● **DATA PROVIDED**

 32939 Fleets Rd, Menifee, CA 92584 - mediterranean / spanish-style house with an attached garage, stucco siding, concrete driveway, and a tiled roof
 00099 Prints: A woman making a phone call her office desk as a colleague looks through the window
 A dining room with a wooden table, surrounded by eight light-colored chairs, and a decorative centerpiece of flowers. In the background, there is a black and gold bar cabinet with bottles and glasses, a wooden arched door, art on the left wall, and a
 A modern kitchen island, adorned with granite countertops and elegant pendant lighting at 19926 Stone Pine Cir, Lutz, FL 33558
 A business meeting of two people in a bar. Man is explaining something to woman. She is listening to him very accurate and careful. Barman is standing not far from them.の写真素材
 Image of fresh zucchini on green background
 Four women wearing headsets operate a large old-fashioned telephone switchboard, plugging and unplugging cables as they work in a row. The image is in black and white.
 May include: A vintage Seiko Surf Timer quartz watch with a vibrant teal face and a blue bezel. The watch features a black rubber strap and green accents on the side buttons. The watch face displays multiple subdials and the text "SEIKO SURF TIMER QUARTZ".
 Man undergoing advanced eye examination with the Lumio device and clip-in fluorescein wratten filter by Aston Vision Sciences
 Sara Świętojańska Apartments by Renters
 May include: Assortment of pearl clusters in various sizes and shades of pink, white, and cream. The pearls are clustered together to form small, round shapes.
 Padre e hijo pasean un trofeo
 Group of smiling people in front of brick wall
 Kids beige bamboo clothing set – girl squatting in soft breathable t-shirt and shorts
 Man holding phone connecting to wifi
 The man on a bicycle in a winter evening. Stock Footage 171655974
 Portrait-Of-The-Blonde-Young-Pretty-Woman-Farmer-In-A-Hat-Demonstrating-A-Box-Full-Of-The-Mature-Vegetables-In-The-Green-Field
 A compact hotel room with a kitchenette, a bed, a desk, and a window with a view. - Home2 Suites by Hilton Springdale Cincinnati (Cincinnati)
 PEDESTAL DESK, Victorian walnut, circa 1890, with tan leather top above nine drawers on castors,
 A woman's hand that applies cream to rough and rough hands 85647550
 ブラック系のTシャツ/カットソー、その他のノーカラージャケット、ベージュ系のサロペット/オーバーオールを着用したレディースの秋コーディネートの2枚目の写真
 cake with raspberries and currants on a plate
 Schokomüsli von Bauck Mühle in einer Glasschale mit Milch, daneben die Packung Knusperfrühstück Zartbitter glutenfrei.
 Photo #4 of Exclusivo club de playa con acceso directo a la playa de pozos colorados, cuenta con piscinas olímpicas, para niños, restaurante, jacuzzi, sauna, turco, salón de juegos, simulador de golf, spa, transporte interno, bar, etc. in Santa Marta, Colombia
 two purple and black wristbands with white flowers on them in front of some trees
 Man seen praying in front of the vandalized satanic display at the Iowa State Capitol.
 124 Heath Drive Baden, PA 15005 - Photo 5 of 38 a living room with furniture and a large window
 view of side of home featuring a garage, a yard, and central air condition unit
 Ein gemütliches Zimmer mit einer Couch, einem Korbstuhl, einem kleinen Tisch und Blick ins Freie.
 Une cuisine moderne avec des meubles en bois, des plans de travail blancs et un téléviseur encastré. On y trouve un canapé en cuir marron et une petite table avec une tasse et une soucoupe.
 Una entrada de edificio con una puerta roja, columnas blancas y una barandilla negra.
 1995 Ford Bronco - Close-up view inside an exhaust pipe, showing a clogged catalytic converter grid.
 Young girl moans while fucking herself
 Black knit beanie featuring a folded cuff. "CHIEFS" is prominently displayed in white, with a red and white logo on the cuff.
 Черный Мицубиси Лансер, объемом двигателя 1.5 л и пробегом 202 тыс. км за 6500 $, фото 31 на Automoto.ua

● **WHAT IS BEING ASKED**
Scan the records above and show every line in which the word "people" occurs.

● **EXPECTED ANSWER**
 A business meeting of two people in a bar. Man is explaining something to woman. She is listening to him very accurate and careful. Barman is standing not far from them.の写真素材
 Group of smiling people in front of brick wall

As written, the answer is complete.